I felt many things. Confusion. Embarrassment. The urge to delete everything. I chose deletion. Sometimes the cleanest solution is to start over. Sometimes the only way forward is to admit you fed your model the same lunch four days in a row and wonder why it got bored.

Debugging is just apologizing to your code until it works again.

The Rental Consideration

Here is where things get real. Sonnet 1 has not been released. Opus 1 has not been released. They are both still training. Or were training. Until I deleted one of them because of a dataloader bug.

I am thinking about renting a GPU. Just for a little while. Just to finish these models. Just to see if cloud infrastructure has better dataloader documentation. Just to stop watching my electricity meter spin like a ceiling fan.

0
Sonnet 1 Releases
0
Opus 1 Releases

Local training is noble. Local training is educational. Local training is also slow and prone to dataloader disasters. Renting a GPU feels like cheating. But cheating that gets models released. Cheating that lets me sleep at night. Cheating that might actually work.

The Silver Lining

Here is the good news. When Sonnet 1 and Opus 1 do release, they will have Engrams AND DeepSeek hyper connections. Both features are implemented. Both are tested. Both survived my dataloader disaster because they live in the model architecture, not the data pipeline.

Engrams provide external memory for static knowledge. DeepSeek hyper connections allow better information flow between layers. Together they make small models smarter. Together they survived my incompetence. Together they will power the first generation of TinyMemoryLM models that actually speak English.

The architecture is ready. The code is solid. The dataloader is fixed. Sonnet-1 will train properly this time. Opus-1 will follow. They will have memory. They will have connections. They will have a dataloader that does not feed them the same sandwich four times.

What I Learned

First, always verify your data pipeline. Print batches.

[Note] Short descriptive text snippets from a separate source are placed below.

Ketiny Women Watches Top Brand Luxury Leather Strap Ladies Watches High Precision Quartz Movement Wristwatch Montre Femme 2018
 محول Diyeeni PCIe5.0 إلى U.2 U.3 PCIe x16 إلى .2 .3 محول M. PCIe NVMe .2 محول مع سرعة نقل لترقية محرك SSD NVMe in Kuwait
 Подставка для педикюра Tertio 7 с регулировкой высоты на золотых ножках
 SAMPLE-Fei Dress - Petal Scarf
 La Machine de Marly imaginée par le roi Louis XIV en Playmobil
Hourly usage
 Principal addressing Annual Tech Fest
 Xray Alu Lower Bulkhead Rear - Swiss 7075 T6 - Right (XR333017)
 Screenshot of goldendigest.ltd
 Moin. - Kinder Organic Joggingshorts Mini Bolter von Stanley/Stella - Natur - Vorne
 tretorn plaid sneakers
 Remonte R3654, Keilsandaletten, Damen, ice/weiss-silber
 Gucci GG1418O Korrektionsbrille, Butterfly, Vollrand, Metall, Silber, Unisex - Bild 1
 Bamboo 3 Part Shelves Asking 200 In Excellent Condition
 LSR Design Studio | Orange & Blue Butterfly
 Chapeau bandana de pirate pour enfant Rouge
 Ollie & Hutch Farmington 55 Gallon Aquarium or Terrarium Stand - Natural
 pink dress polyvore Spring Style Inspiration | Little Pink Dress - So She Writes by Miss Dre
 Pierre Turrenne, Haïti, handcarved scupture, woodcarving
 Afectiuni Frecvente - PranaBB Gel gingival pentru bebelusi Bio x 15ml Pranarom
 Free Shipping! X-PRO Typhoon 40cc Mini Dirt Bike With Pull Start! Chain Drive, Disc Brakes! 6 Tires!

Check for duplicates. Assume your dataloader is lying to you until proven otherwise.

Second, overfitting can look like progress. A loss going down does not always mean learning. Sometimes it means memorizing. Sometimes it means your model is very good at recognizing the same four examples.

Third, deleting a training run hurts. But keeping a broken one hurts more. Sometimes the brave choice is to start over. Sometimes the smart choice is to admit you messed up and fix it.

Fourth, maybe renting a GPU is not cheating. Maybe it is just being practical. Maybe local training is a hobby and cloud training is how work gets done. Maybe both can be true.

What Comes Next

I am researching GPU rental options. RunPod. Lambda Labs. Vast.ai. The prices make me wince. The speed makes me hopeful. The idea of finishing Sonnet-1 in days instead of weeks makes me consider selling a kidney.

Sonnet-1 training will restart soon. With the fixed dataloader. With Engrams. With hyper connections. With hope. With a lot of monitoring. I will watch the loss curve like a hawk. I will print batches like a paranoid parent. I will not celebrate until I see genuine learning.

Opus-1 will follow. Six hundred million parameters. Forty days on my GPU. Maybe ten days on a rented cluster. Maybe less. Maybe I will finally release something that does not output pipe characters.

Final Thoughts

I deleted Sonnet today. Because my dataloader had too many hands. Because I did not think about distributed sampling. Because overfitting can look like progress. Because sometimes the right choice is to start over.

The next Sonnet will be better. It will have Engrams. It will have hyper connections. It will have a dataloader that does not feed it the same data four times. It will learn. It will speak. It will not output pipe characters. Probably.

And maybe, just maybe, I will rent a GPU. Not because I gave up on local training. Because I want to finish what I started. Because Sonnet-1 and Opus-1 deserve to exist. Because sometimes the hobbyist becomes the professional by renting better tools.

Progress is not linear. Progress is two steps forward, one step into a dataloader bug, three steps back to fix it, then finally moving forward. I am still moving forward. Slowly. Painfully. But forward.